Review of the current state of solving computer vision problems
Today, computer vision is experiencing a period of significant progress in solving problems on which researchers have been working for decades. Meaningful advances have been made in detection, segmentation, classification of objects, image search by pattern, image generation, and other tasks.
For many years, most approaches of image analysis have been based on the transition from an image to a feature space, which contains basic information about the whole image or its characteristics, and has a denser representation than the image. After the transition, such features are compared with the appropriate method, and then a decision is made according to the problem which is being solved. In addition to being informative and having reduced dimension, the obtained feature should be as insensitive as possible, i.e., invariant to image geometric transformations, changes in lighting, noise, local occlusion, for example, when objects are partially overlapped, or an object part extends beyond an image.
There isn’t any universal way to describe images with a feature set. The choice of feature space and their processing method depends on a specific problem. The weakness of the classical feature approaches is the need for complex configuration, where it is necessary to set various parameters on the basis of heuristic information. Values of such parameters affect the final result significantly.
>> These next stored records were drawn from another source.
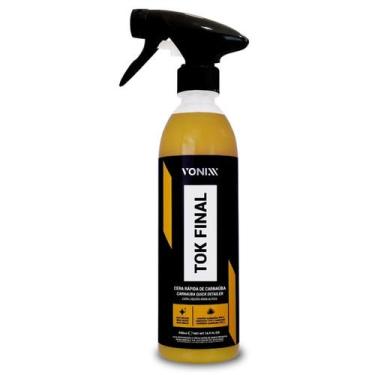 Imagem de Carnaúba Tok Final 500ml - Vonixx Cera Spray de Finalização
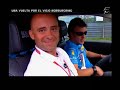 Renault Megane in  nurburgring with ALonso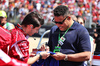 GP IMOLA, Ronaldo (BRA) Former Football Player on the grid. 

18.05.2025. Formula 1 World Championship, Rd 7, Emilia Romagna Grand Prix, Imola, Italy, Gara Day.

- www.xpbimages.com, EMail: requests@xpbimages.com © Copyright: Moy / XPB Images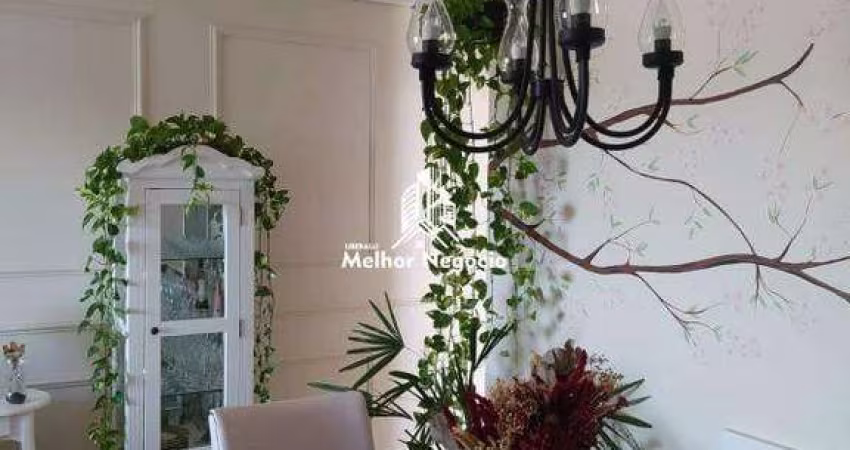 Apartamento à venda com 02 quartos Condomínio Residencial Paris em Paulínia - SP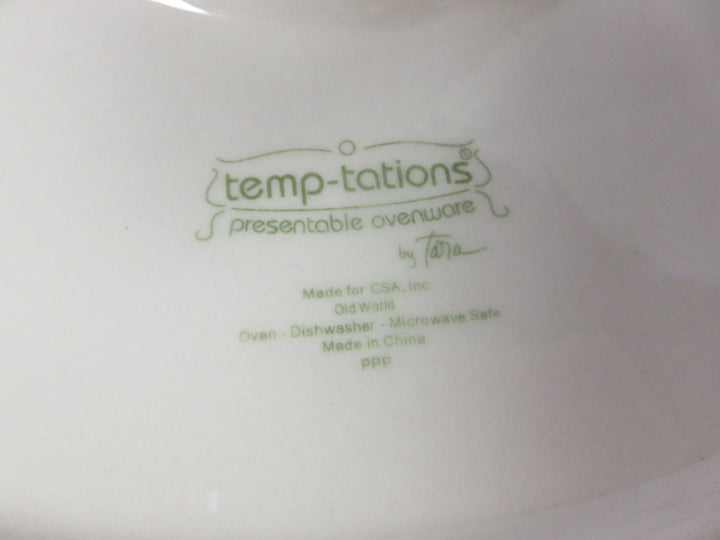 Temp-tations Chip & Dip Set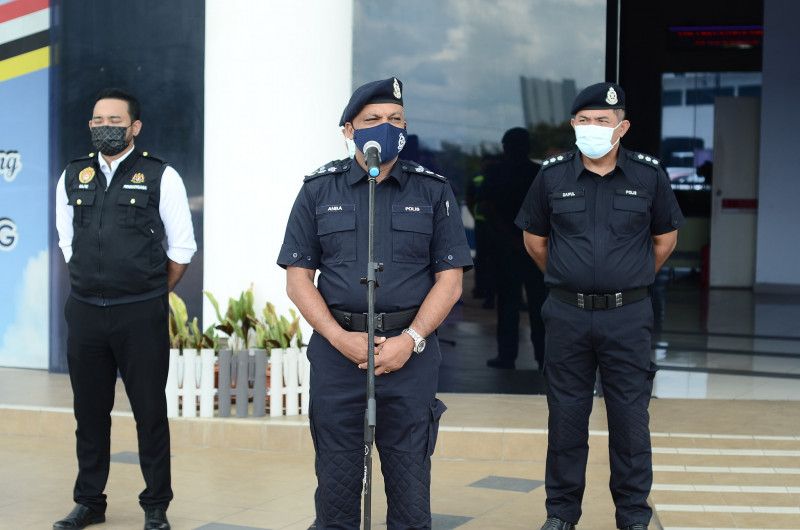 Cops investigating reports of abuse in Serdang motivational camp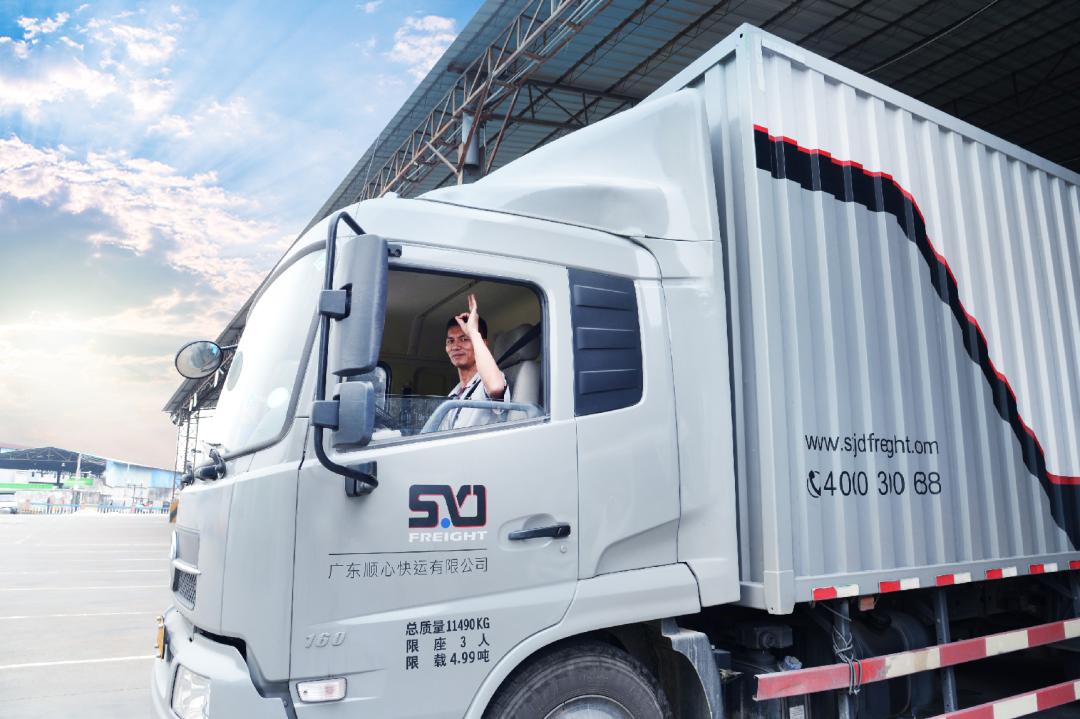 起网两年就杀入全国五强!顺心捷达融通崛起,快运江湖再生变量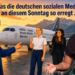Was die deutschen sozialen Medien an diesem Sonntag so erregt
In recent years, neural networks have provided a significant breakthrough in computer vision. In 2012, the AlexNet neural network took part in the annual ImageNet competition and showed the best results in solving the object classification problem with a number of errors of 15.3% against 26.2% of the runner-up. Then, in 2019, the classification quality with neural networks equaled human capabilities. The combination of achievements of classical analytical feature approach with a neural network one has a great perspective.
But even now, there are a lot of tasks where the classical feature approach is necessary. Such tasks, like cartography, stitching of panoramic images, etc., depend on solving the problem of normalization (compensation) of present geometric transformations.
Image normalization problem and approaches to solve it
In this article, image normalization means the process of compensation of geometric transformations that distinguish one image from another. This matter has been investigated for a long time. The fundamental works about normalization propose two main approaches: tracking and parametric, and also consider some methods for each of these approaches.
The tracking approach implies the gradual compensation of geometric transformations with many steps. The processed image is compared with the pattern at each step, and then it undergoes a tiny geometric transformation that compensates only a part of the whole geometric transformation, bringing the processed image closer to the pattern. As a result of all steps, the processed image will become a pattern, and the parameters of a general geometric transformation will be defined. This approach is applied to tracking and targeting tasks.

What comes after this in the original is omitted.